- Born: Hirado, Japan
- Died: Kingdom of England
- Occupation: Scholar
- Known for: Being the first Japanese Briton to attend Trinity College, Cambridge

= Uriemon Eaton =

First Japanese Briton to attend Trinity College, Cambridge

Uriemon Eaton or Ureamon Eaton (fl. 1639–1640, c.1621–1670) was a Trinity College alumnus and early member of the Japanese in the United Kingdom.

==Biography==
Eaton was an early member of the Japanese in the United Kingdom, born in Hirado, Japan after his father William Eaton and mother Kamezo (William's common-law wife) met during the period of the opening of the English trade factory East India Company in Japan (1613-1623). Eaton also had a half sister 'Helena' born to O'Man.

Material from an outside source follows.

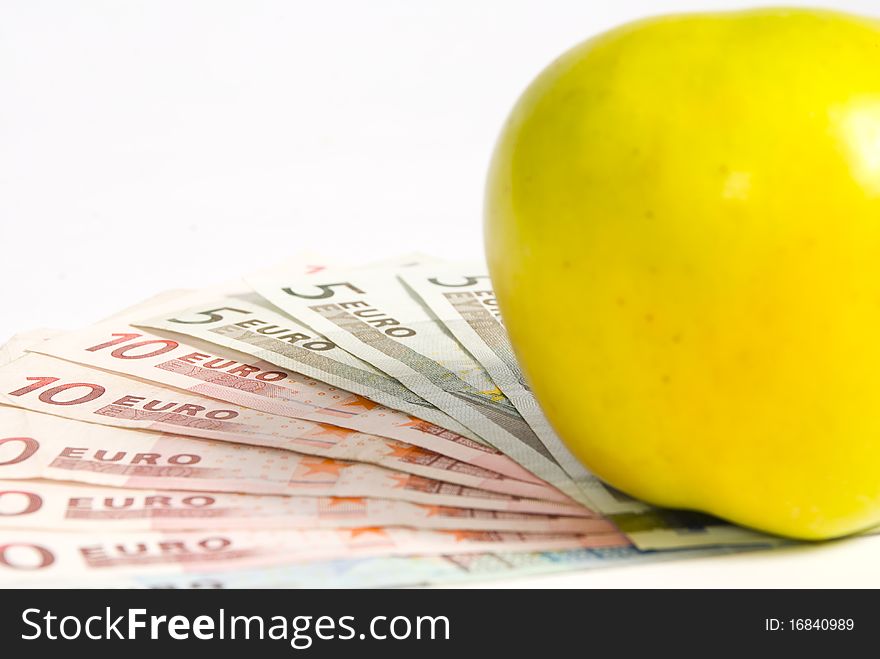 Green apple lying on the banknotes of different denomination, lying like a fan. on a white background, close-up. Green apple lying on the banknotes of different denomination, lying like a fan. on a white background, close-up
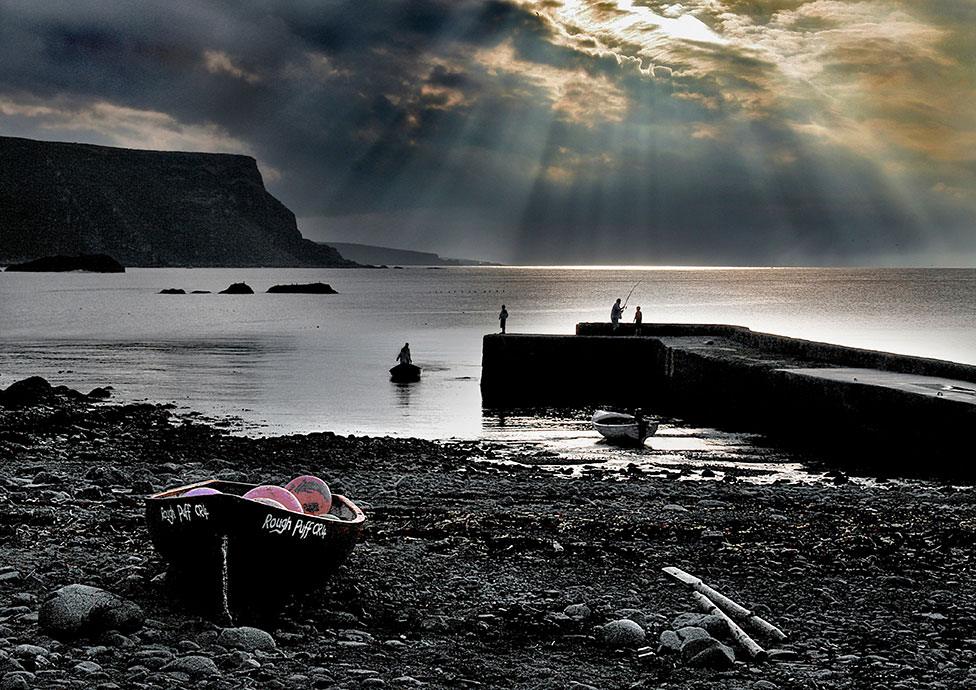 A silhouetted beach and harbour wall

In English sources such as the Diary of Richard Cocks, early Euro-Asian relations are discussed including his life as a member of the English community in Japan. On occasion he appears in the English records as both William or Uriemon Eaton.

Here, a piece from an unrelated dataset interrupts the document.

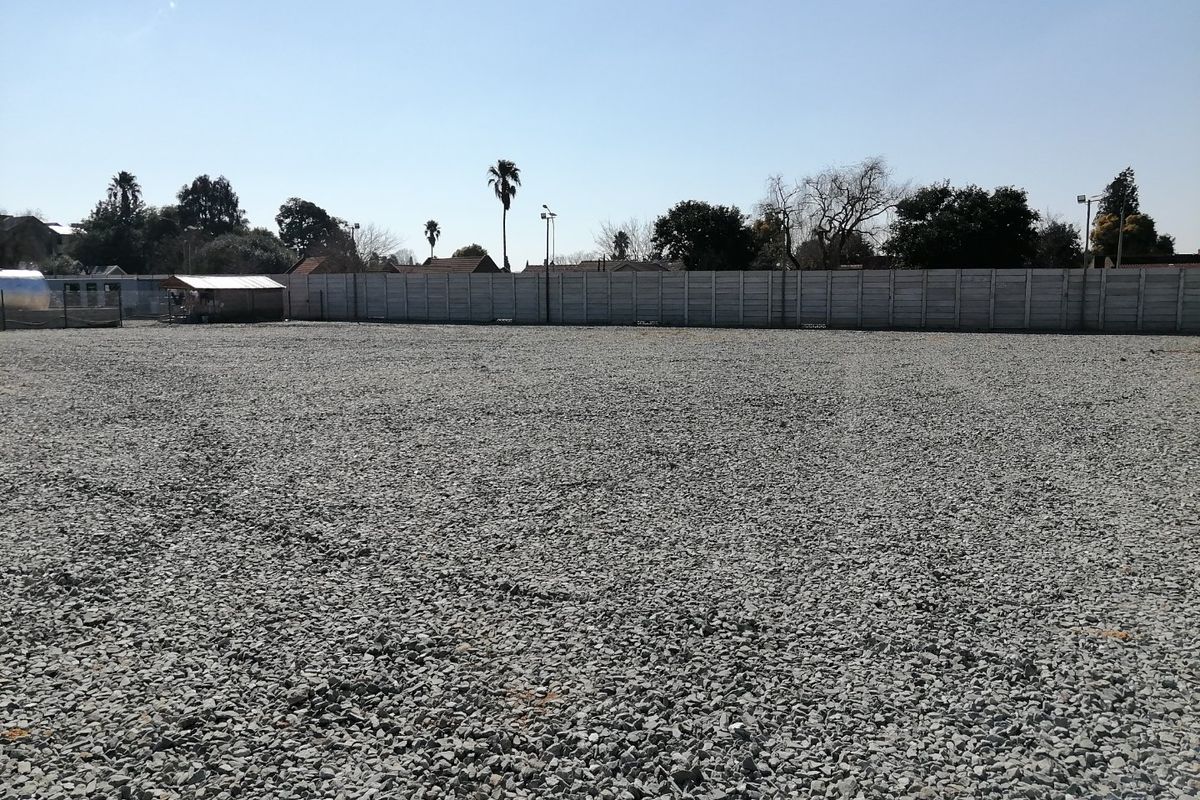 A level, gravel-surfaced vacant residential plot enclosed by a precast concrete perimeter wall, featuring installed floodlights.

Cocks relays how Eaton was taken by his father to live with him in England at a young age after the closing of the English factory in 1623, travelling separately via Batavia on a Dutch ship in 1624, sent by Cocks. His family left behind in Japan (Kamezou and Helena) also kept in contact from Japan until at least 1624 via Cocks. When Cocks died in 1624, Uriemon was accepted and 'maintained' (supported) through his studies by family and friends in England. He is known to have petitioned Charles I of England in 1639 for denizen rights to gain access higher education, gaining these and attending Trinity College in Cambridge in 1640, then again after a bout of illness, in 1641. Later records point to his having survived until the late 1670s.